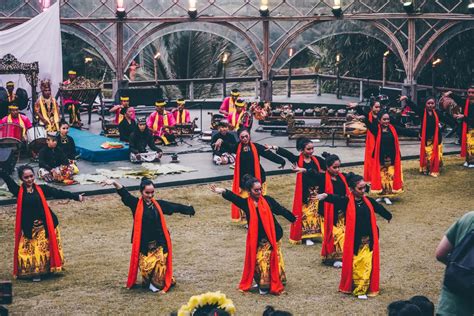 Festival Lembah Ijen Tari Meras Gandrung Banyuwangi Paket Tour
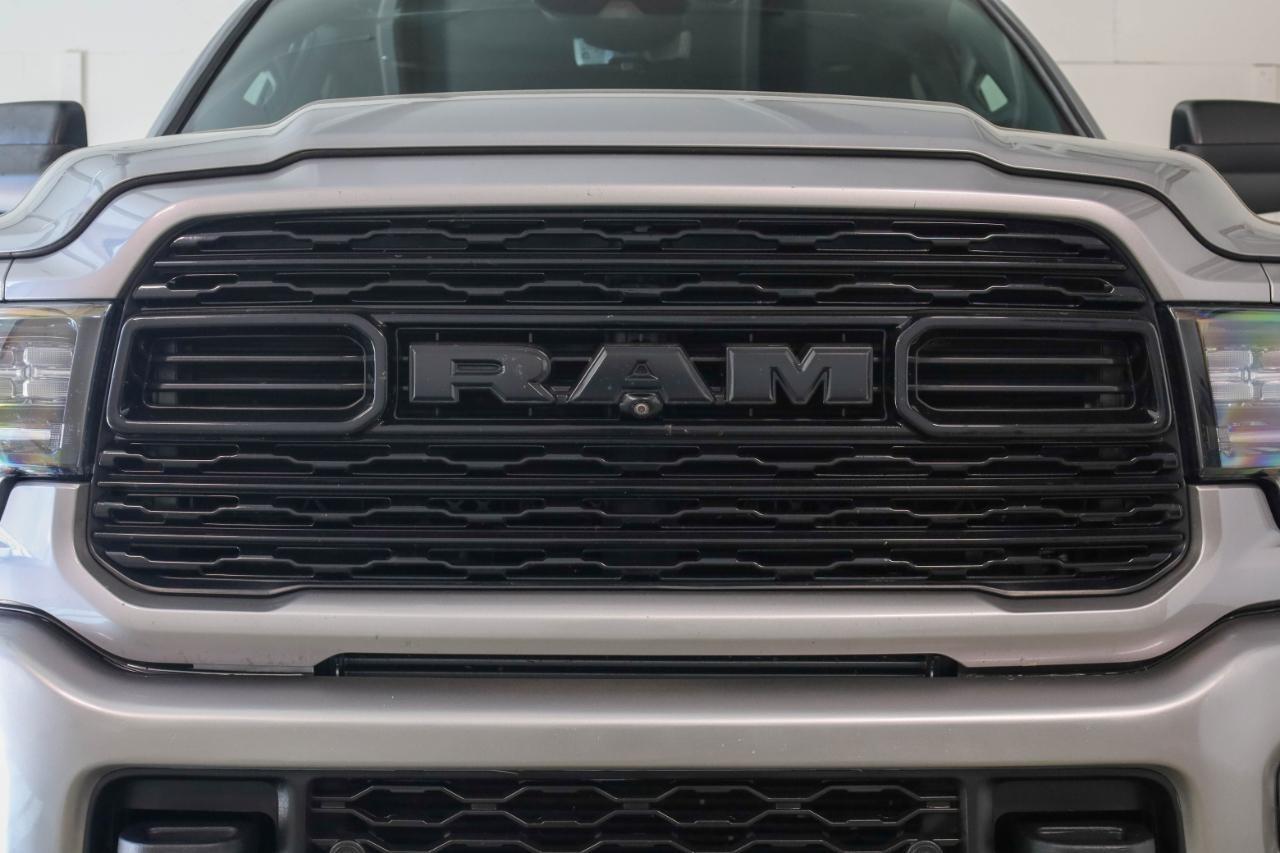 RAM 2500 Limited 4x4 Mega Cab 6'4" Box 2022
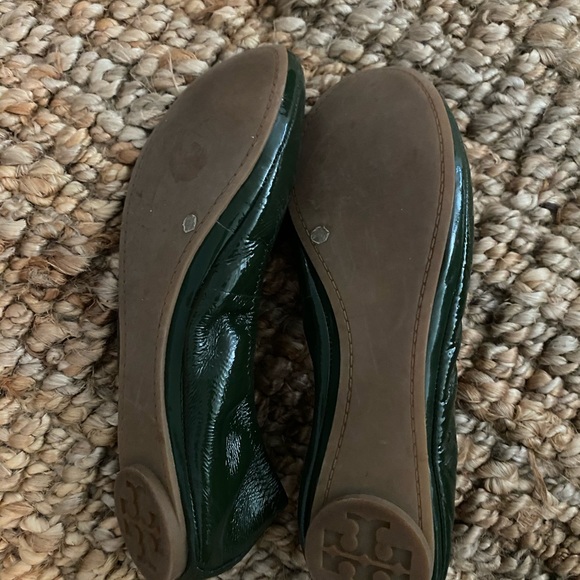 Tory Burch Eddie Ballet Flat in Dark Green - Picture 2 of 4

What to produce ::
After locating the line that holds "RAM 2500 Limited", output exactly the lines from it through the last line of the material above, inclusive, without pictures.

Response to the exercise ::
 RAM 2500 Limited 4x4 Mega Cab 6'4" Box 2022
 Tory Burch Eddie Ballet Flat in Dark Green - Picture 2 of 4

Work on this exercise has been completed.